Print them exactly: the lines from the beginning of the entries below through the line that contains "The Samuel Ryder", and only those, with the pictures left out.
[PROVIDED DATA — start]
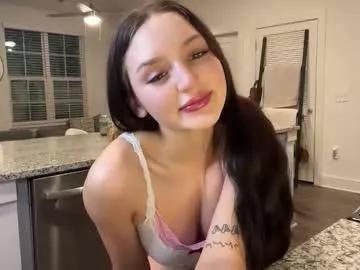 Photos of stellakay from Chaturbate is Freechat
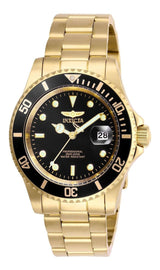 Reloj Invicta Pro Diver Hombre INV26975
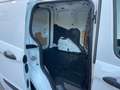 Ford Transit Courier TRANSIT COURIER DISTRIBUZIONE NUOVA Bianco - thumbnail 6
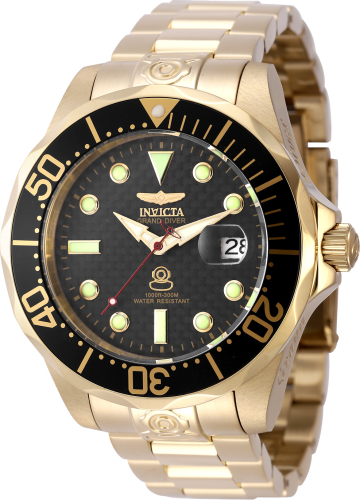 model 47682 | InvictaWatch.com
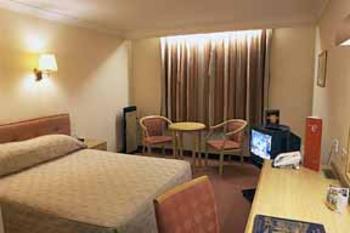 The Samuel Ryder Hotel St Albans, Tapestry Collection Hilton Exterior photo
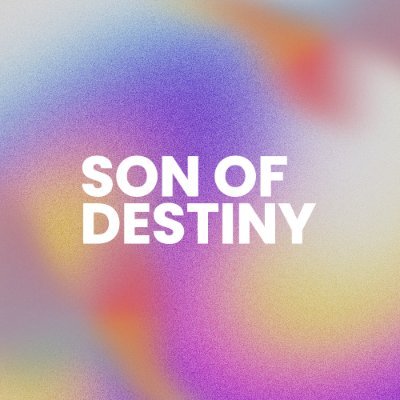 SonOfDestiny77's profile picture. Betting w/ divine assistance 🌬️ Mainly Premier League & NBA.

PREMIER LEAGUE RECORD AS OF 20/10: 19-20 +73.95 UNITS

NBA RECORD AS OF 24/10: 6-3 +12.5 UNITS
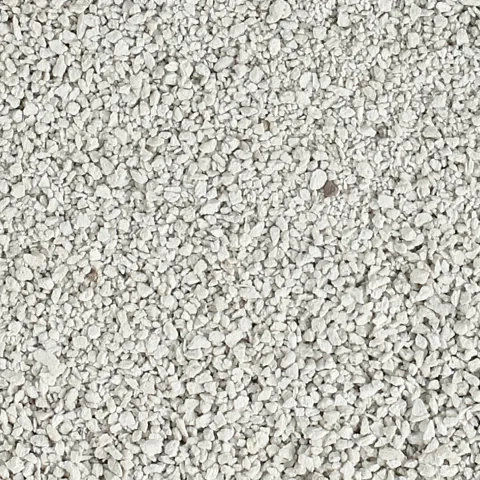 Média filtrant Filter-Ag® 28,3 L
[PROVIDED DATA — finish]
▶ **EXERCISE RESPONSE**
 Photos of stellakay from Chaturbate is Freechat
 Reloj Invicta Pro Diver Hombre INV26975
 Ford Transit Courier TRANSIT COURIER DISTRIBUZIONE NUOVA Bianco - thumbnail 6
 model 47682 | InvictaWatch.com
 The Samuel Ryder Hotel St Albans, Tapestry Collection Hilton Exterior photo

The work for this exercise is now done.